> **Data supplied**:
══════════

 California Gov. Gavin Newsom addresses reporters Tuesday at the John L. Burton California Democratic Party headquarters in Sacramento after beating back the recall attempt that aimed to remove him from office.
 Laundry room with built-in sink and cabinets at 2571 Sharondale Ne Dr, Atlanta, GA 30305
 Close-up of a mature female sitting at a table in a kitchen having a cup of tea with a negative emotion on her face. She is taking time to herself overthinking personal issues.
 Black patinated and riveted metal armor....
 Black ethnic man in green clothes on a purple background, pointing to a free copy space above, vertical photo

══════════

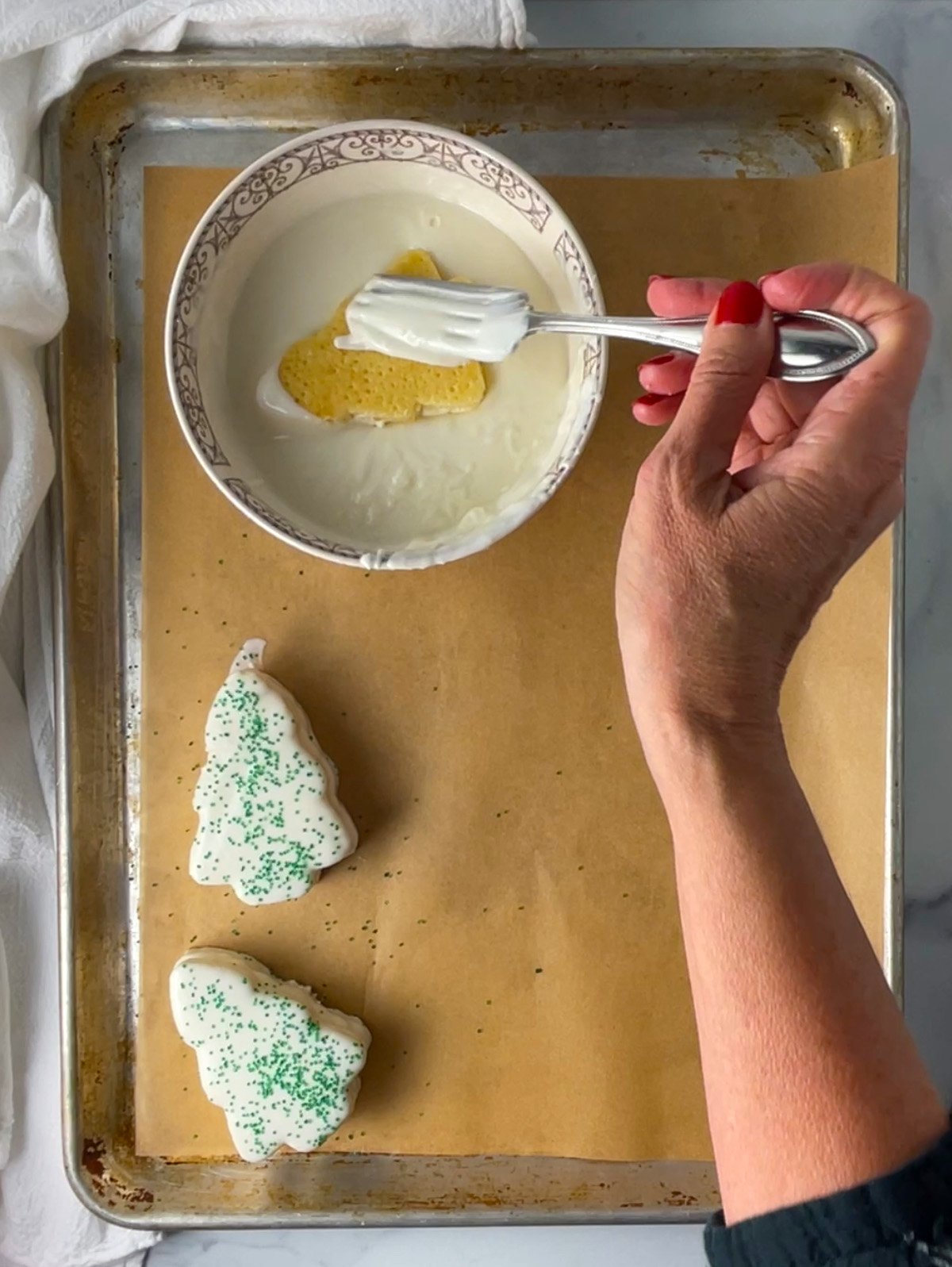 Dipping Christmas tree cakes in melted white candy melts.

══════════

> **Work instruction**:
Set down precisely the lines above between the line holding "Close-up of a" and the line holding "Black ethnic man", inclusive, and nothing beyond them.

> **Answer section**:
 Close-up of a mature female sitting at a table in a kitchen having a cup of tea with a negative emotion on her face. She is taking time to herself overthinking personal issues.
 Black patinated and riveted metal armor....
 Black ethnic man in green clothes on a purple background, pointing to a free copy space above, vertical photo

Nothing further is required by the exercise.